A River Runs Again: Reporting on India’s Natural Crisis

  • November 17, 2015 By
    Broken Landscape River
    The world’s second most populous country – projected to be first by 2022 – is developing faster than ever before, roiling the social, political, and environmental landscape. [Video Below]


    In her new book, A River Runs Again: India’s Natural World in Crisis, From the Barren Cliffs of Rajasthan to the Farmlands of Karnataka, environmental journalist Meera Subramanian chronicles India’s efforts to balance economic development and environmental protection, including innovative programs to educate youth about sexual and reproductive health.

    Subramanian was inspired by the five elements – earth, fire, water, air, and ether – to investigate five aspects of sustainable development: organic farming, clean cookstoves, freshwater, endangered species, and population and family planning.

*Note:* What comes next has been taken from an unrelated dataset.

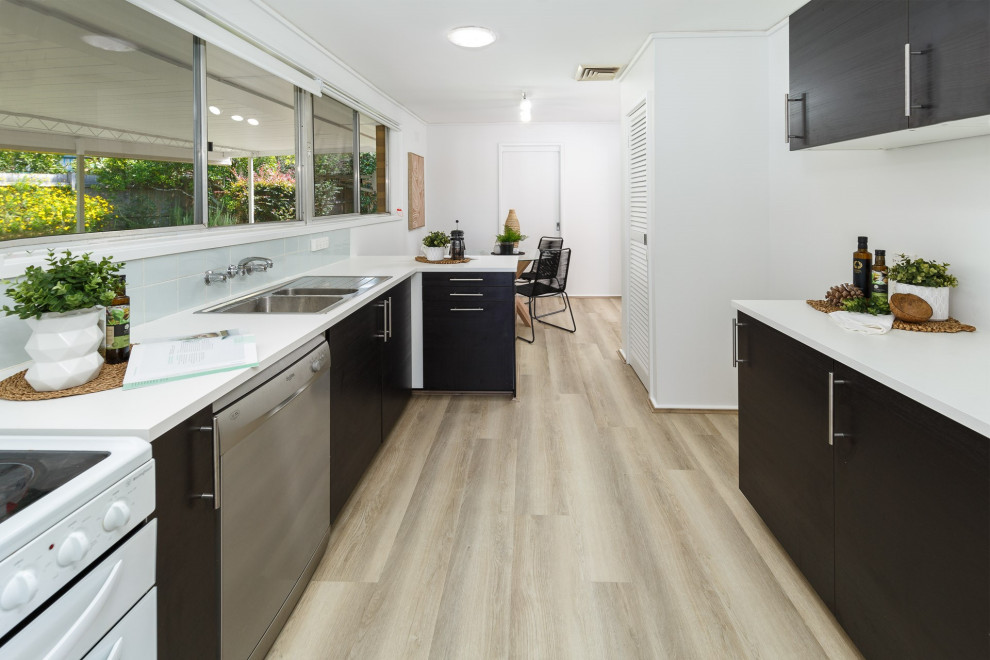Inspiration for a mid-sized transitional galley open plan kitchen in Sydney with quartz benchtops, white splashback, laminate floors and black benchtop.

Traveling throughout the subcontinent, she found stories of “ordinary people and microenterprises determined to revive India’s ravaged natural world.”

    At  the Wilson Center book launch on October 13, Subramanian was joined by freelance journalists Priyali Sur and Lisa Palmer, who offered comments on the book based on their own reporting from India on the interconnections between climate change, food security, and gender.

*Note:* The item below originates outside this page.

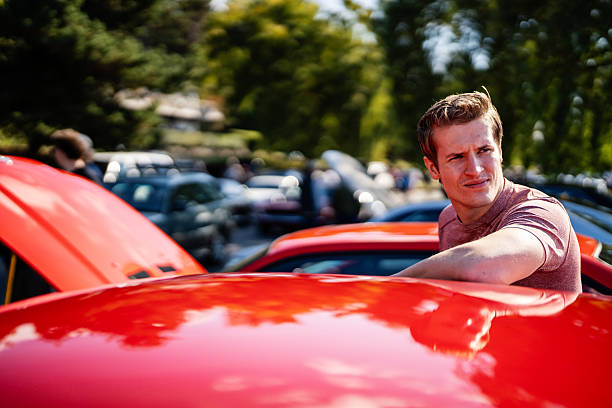 istock Man Standing by Muscle Car at Meetup 2240513295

    Sur, a former television reporter for CNN-IBN, has covered the spike in human trafficking spurred by extreme flooding in the northeastern state of Assam. “Vulnerability that arises from looking for livelihood options, wanting to get work, wanting to sustain the family and wanting to provide for the family, which I think is a [bigger] responsibility for the woman than the man, makes them more vulnerable, and traffickers recognize this,” she said.

    Palmer, a former Wilson Center fellow and current fellow at the National Socio-Environmental Synthesis Center in Annapolis, Maryland, discussed the technological revolution taking root in Indian agriculture. Some organizations, like the Consultative Group for International Agricultural Research, are supporting “climate-smart villages” in India, which use solar energy pumps and sensors to measure crop health and reduce water consumption. The organization aims to create 1,000 climate smart villages across six states including the grain baskets of Haryana and Punjab, said Palmer.